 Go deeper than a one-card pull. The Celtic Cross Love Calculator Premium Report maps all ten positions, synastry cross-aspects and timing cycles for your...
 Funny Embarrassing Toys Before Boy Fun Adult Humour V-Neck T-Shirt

------------------------------------------------------------------------

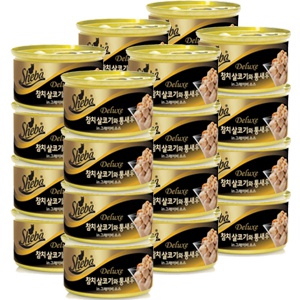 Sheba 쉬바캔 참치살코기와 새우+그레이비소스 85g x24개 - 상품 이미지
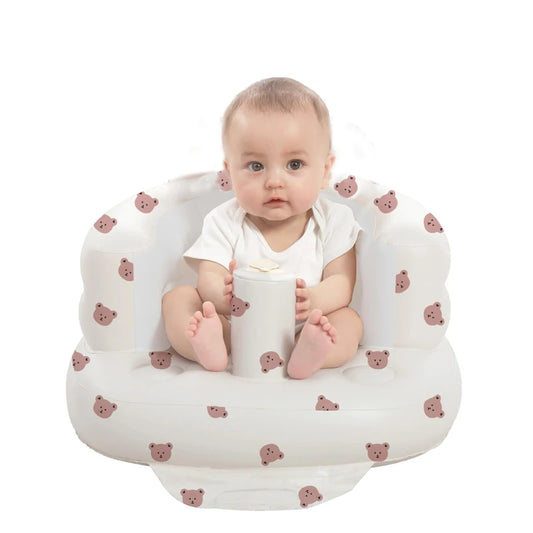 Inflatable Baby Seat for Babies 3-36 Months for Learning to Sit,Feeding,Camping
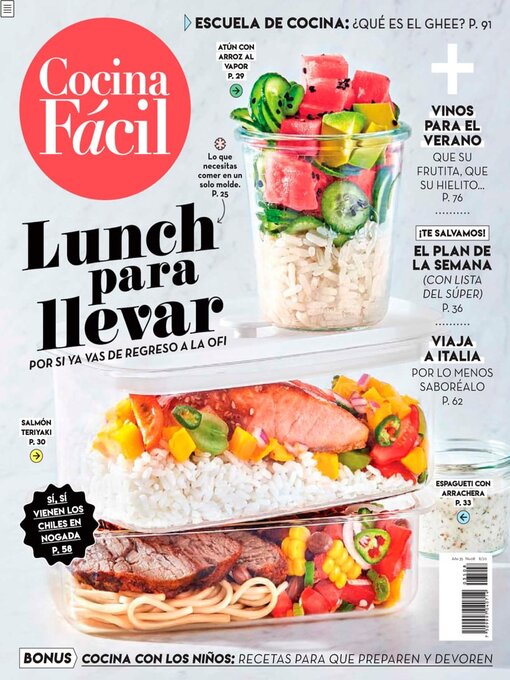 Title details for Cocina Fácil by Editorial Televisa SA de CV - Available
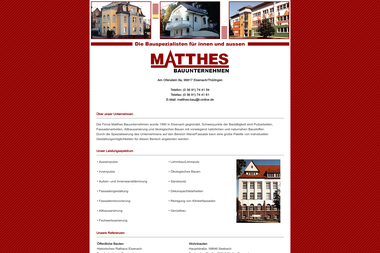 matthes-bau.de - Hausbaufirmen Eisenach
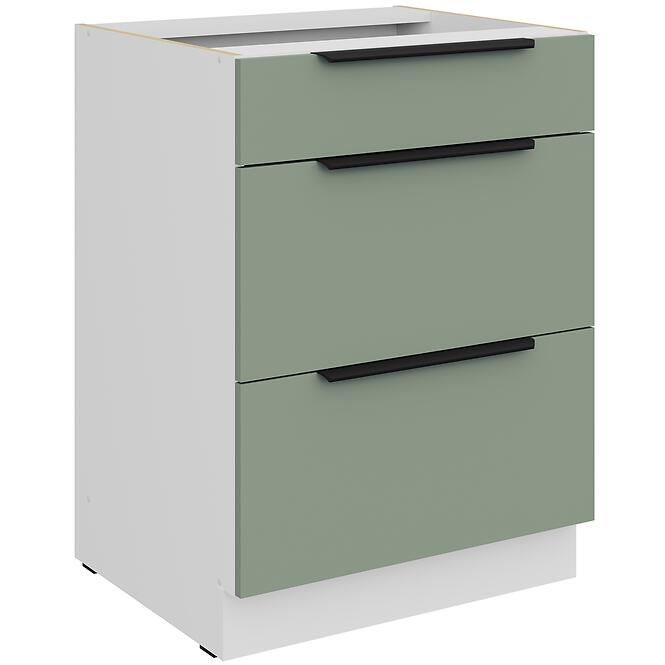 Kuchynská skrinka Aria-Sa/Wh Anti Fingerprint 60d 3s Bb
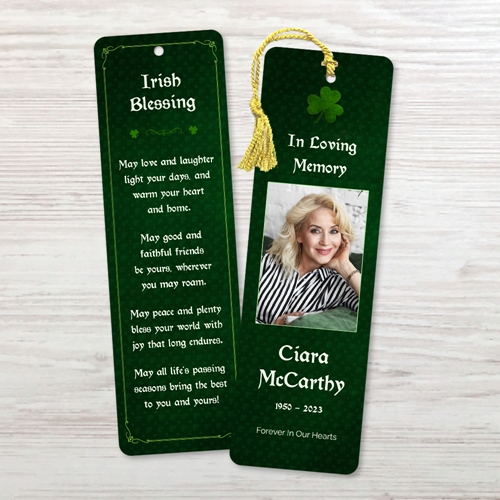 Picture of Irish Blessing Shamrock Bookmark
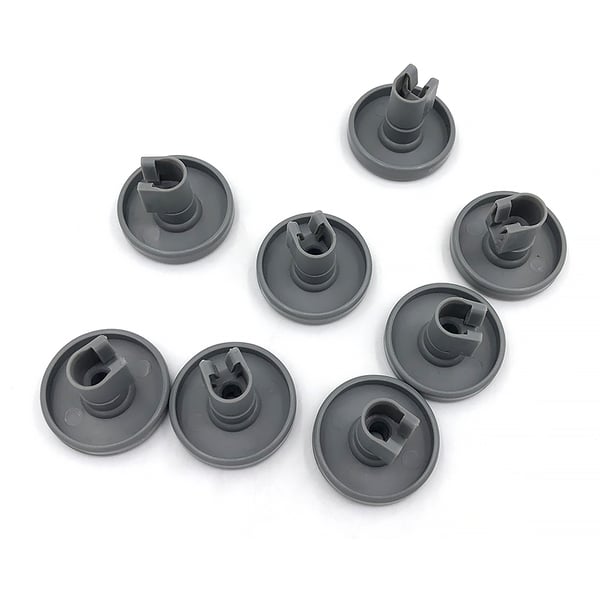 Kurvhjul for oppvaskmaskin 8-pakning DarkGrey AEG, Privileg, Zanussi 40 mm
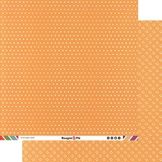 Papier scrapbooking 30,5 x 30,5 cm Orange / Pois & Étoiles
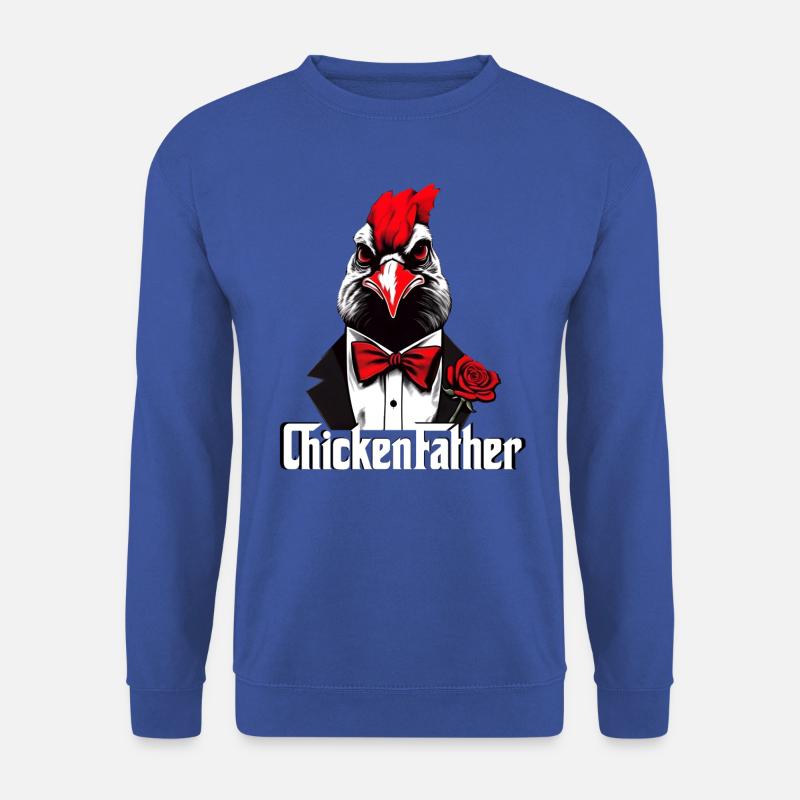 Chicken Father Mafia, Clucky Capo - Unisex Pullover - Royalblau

------------------------------------------------------------------------

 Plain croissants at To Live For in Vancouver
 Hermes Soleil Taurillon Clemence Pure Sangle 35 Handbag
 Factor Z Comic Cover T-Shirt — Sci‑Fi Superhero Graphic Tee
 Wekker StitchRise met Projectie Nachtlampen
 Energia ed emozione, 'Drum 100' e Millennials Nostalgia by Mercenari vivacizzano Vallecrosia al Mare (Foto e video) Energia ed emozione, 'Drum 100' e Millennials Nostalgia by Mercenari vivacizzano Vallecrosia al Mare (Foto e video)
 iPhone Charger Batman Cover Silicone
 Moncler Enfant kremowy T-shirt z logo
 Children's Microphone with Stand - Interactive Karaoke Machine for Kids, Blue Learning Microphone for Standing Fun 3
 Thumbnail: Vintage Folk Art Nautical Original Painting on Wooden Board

------------------------------------------------------------------------

* [Task prompt]: Report all lines above with "Cover".

* [Solution to this problem]:
 Factor Z Comic Cover T-Shirt — Sci‑Fi Superhero Graphic Tee
 iPhone Charger Batman Cover Silicone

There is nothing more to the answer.